Non le invidiava, e non le giudicava severamente; le difendeva anzi, se erano accusate da chi, sottomano o palesemente, faceva peggio di loro. Le riceveva in casa sua, rendeva loro le visite; e in questo modo era diventata la loro confidente. Le trattava, sicura che la loro infezione non le si sarebbe attaccata. Sapeva di possedere un gran preservativo: la sua saggezza; e stimava che quel loro male, in gran parte, bisognava addebitarlo alle circostanze, o a un marito, o a una suocera, o a tutti coloro che avevan contribuito prima a farle cadere, poi a precipitarle più in basso con le malignità, coi pettegolezzi, con le calunnie anche, con tutte le vigliaccherie mascherate di morale, che le facevano stomaco e che la spingevano a contrapporsi — rimanendo amica delle disgraziate, come le chiamava — alla spregevole ingiustizia sociale.

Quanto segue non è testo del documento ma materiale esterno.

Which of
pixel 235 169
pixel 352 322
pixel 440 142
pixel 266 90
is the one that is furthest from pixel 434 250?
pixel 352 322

Un giorno, suo marito messo su (ella non aveva mai domandato da chi) le avea mosso timidamente qualche osservazione intorno alla intimità con quelle signore che facevano così ciarlare di sè. E aveva soggiunto subito:

— Bada, cara Clotilde; te lo dico perchè suppongo che tu, nella tua grande semplicità, ignori i pettegolezzi della gente.

— Non li ignoro — aveva risposto. — Che m'importa di quel che le mie amiche fanno o non fanno? Io ho la mia coscienza, ed essa è un libro aperto per te.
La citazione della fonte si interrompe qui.